Accanto all'allevamento in cattività di sistemi cellulari cosiddetti whole-cell ("a cellula intera") un'ulteriore fase di ricerca sta tentando la realizzazione di sistemi cell-free ("privi di cellule") che utilizzano i soli enzimi specifici. In questo modo si ovvierebbe al problema di mantenere in vita gli organismi e la produzione di idrogeno sarebbe più costante e più efficace, raggiungendo punte del 25%. In alcuni casi si è sostituita del tutto la natura con processi esclusivamente elettrochimici. Negli anni Novanta, presso l'Istituto Federale Svizzero, comincia la sperimentazione della "foglia artificiale", nella quale al posto della clorofilla si utilizza un pigmento bianco, il biossido di titanio, sostanza facilmente rintracciabile nell'etichetta di paste dentifrice, pastiglie medicinali e vernici. Il sistema (vagamente assimilabile al fotovoltaico) è costituito da larghi moduli e pannelli che mimano il processo fotosintetico producendo , invece che glucosio, idrogeno ed elettricità. La resa sarebbe del 7% con luce solare diretta e dell'11% con luce diffusa. Ed ecco un nuovo problema. Tutte le modalità finora passate in rassegna non possono fare a meno di un formidabile alleato: il Sole. Ma che succede se la giornata è nuvolosa o peggio ancora di notte? Si sono identificate per questa ragione circa 400 specie di batteri capaci di combinare, nell'oscurità più completa, monossido di carbonio e acqua per produrre quantità piuttosto elevate di idrogeno. Alcune specie di cianobatteri (chiamati anche alghe blu) si sono mostrate finora le migliori candidate all'esperimento.

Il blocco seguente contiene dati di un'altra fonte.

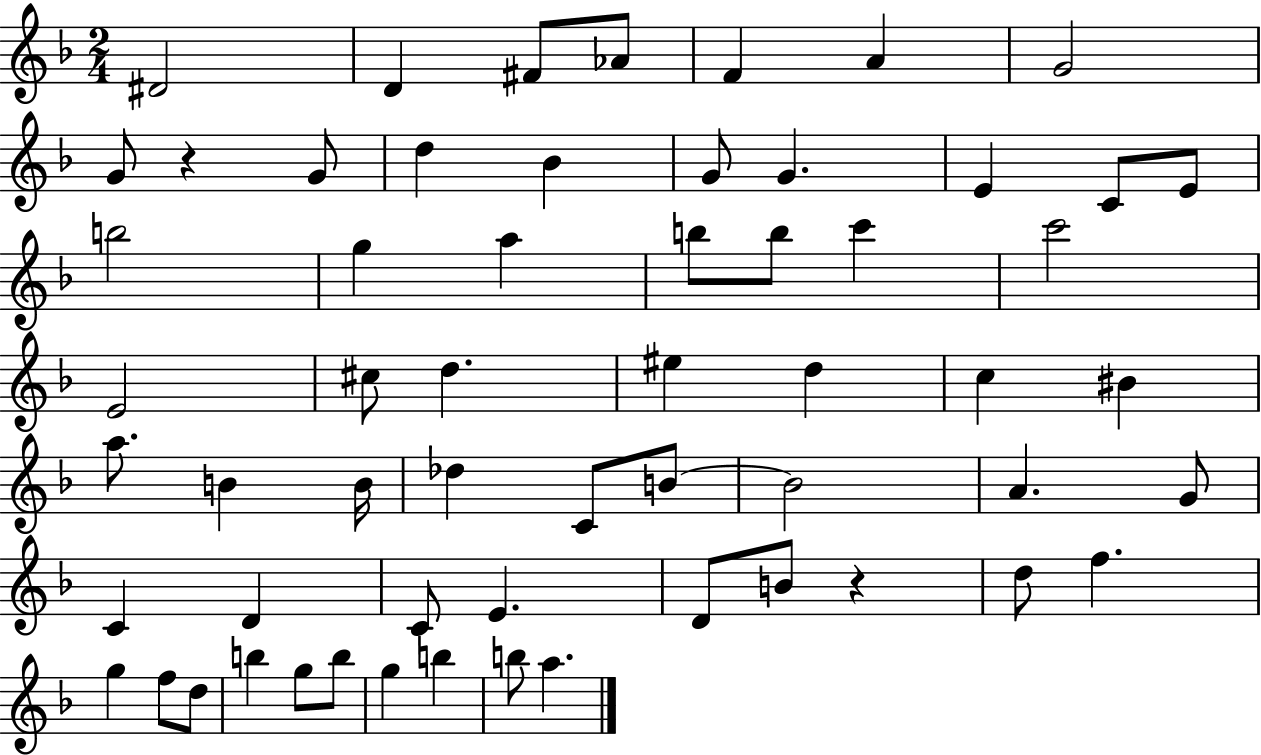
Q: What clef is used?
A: treble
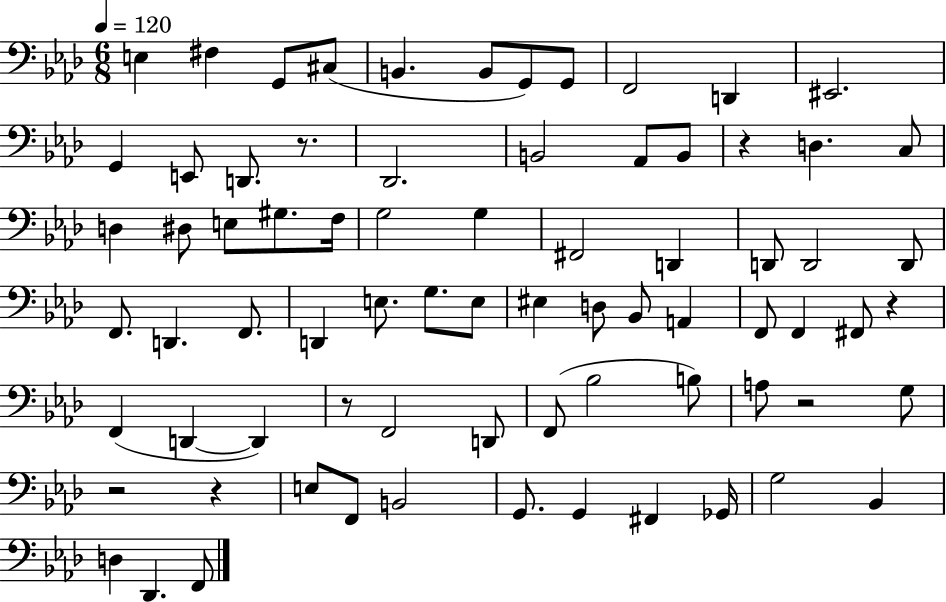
E3/q F#3/q G2/e C#3/e B2/q. B2/e G2/e G2/e F2/h D2/q EIS2/h. G2/q E2/e D2/e. R/e. Db2/h. B2/h Ab2/e B2/e R/q D3/q. C3/e D3/q D#3/e E3/e G#3/e. F3/s G3/h G3/q F#2/h D2/q D2/e D2/h D2/e F2/e. D2/q. F2/e. D2/q E3/e. G3/e. E3/e EIS3/q D3/e Bb2/e A2/q F2/e F2/q F#2/e R/q F2/q D2/q D2/q R/e F2/h D2/e F2/e Bb3/h B3/e A3/e R/h G3/e R/h R/q E3/e F2/e B2/h G2/e. G2/q F#2/q Gb2/s G3/h Bb2/q D3/q Db2/q. F2/e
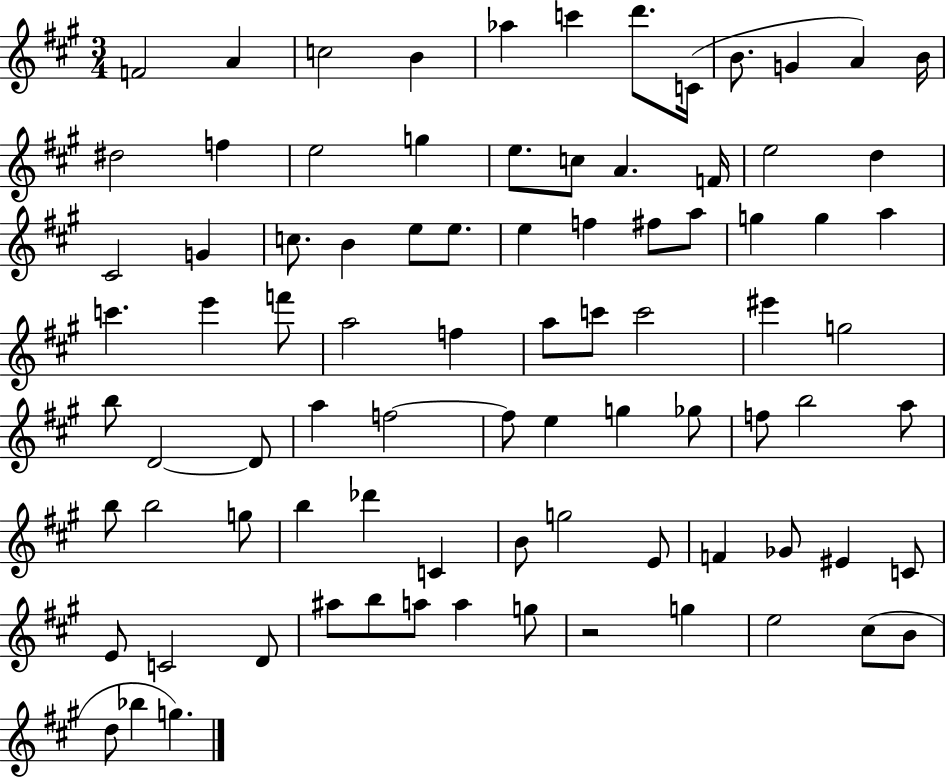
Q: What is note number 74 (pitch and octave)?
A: A#5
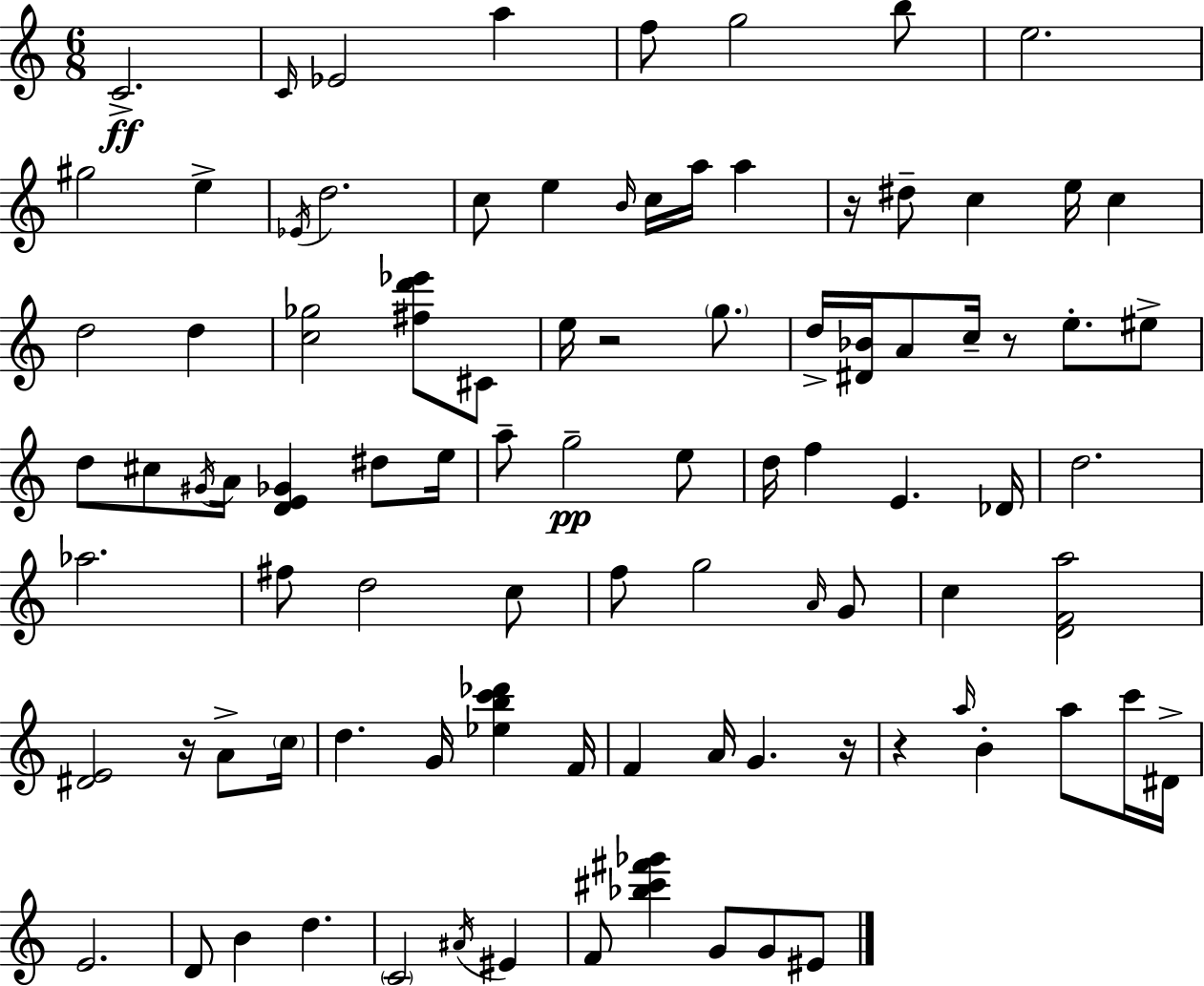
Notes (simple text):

In una sorta di reazione inversa che può fare completamente a meno della luce, presso l'Università del Wisconsin vengono impiegati microrganismi che a partire dal prodotto zuccherino finale della fotosintesi (glucosio ma anche xilosio, lattosio e saccarosio) liberano idrogeno, questa volta tramite l'azione di enzimi decompositori, raggiungendo un'efficienza del 50%. I protagonisti principali sono due batteri ipertermofili (quelli che muoiono di freddo se la temperatura scende al di sotto degli 80°C) dai significativi nomi: Thermoplasma acidophilum e Pyrococcus furiosus. Anche l'Escherichia coli, il comune costituente della nostra flora batterica intestinale, si è dimostrato un candidato promettente. Essendo di bocca buona, grazie alla capacità di far andare in decomposizione la materia organica, è stato alimentato a torsoli di mela, bucce di banana e rifiuti di cucina in genere, per produrre idrogeno. Con questo vivace microbo basterebbe una fornitura di soli 50 grammi di zucchero per tenere accesa una lampadina da 40 watt per un tempo leggermente inferiore alle 8 ore!
(Laura Somà)
Arduo produrre idrogeno con metodi “bio”: dovremmo avere a disposizione una vispa colonia di batteri o alghe di fondale oceanico o per lo meno riuscire ad estrarre i nostri coliformi fecali. Affidiamoci dunque a metodi più casalinghi. Occorrono della pellicola da cucina di alluminio, dell’acido muriatico e un bicchiere di vetro. Dopo aver prodotto alcune pallottoline di alluminio del diametro di qualche millimetro, metterle nel bicchiere e aggiungere abbastanza acido da ricoprirle. Sono necessari alcuni minuti per concedere alla reazione di attivarsi e quindi ecco che a poco a poco, dapprima pressoché invisibili e poi sempre più evidenti, si formano bollicine di gas sulla superficie dell’alluminio. Le pallottole si vanno dissolvendo, la soluzione si colora lentamente di grigio piombo e nel giro di pochi minuti è tutta un bollore. Avendo a disposizione un termometro da laboratorio è interessante monitorare la variazione della temperatura per l’intera durata dell’esperienza. L’acido muriatico (acido cloridrico diluito al 12-13%) reagisce con l’alluminio formando cloruro di alluminio, di colore grigio scuro, e un gas altamente volatile: l’idrogeno, responsabile della notevole effervescenza. Il tutto avviene con aumento della temperatura (reazione esotermica) passando da quella ambiente a più di 90°C. Conservando la miscela ottenuta per un po’ di tempo, al posto del liquido grigio ne comparirà uno color giallo-verde tipo pennarello evidenziatore. Lasciata evaporare, la soluzione darà dei bei cristalli del medesimo colore.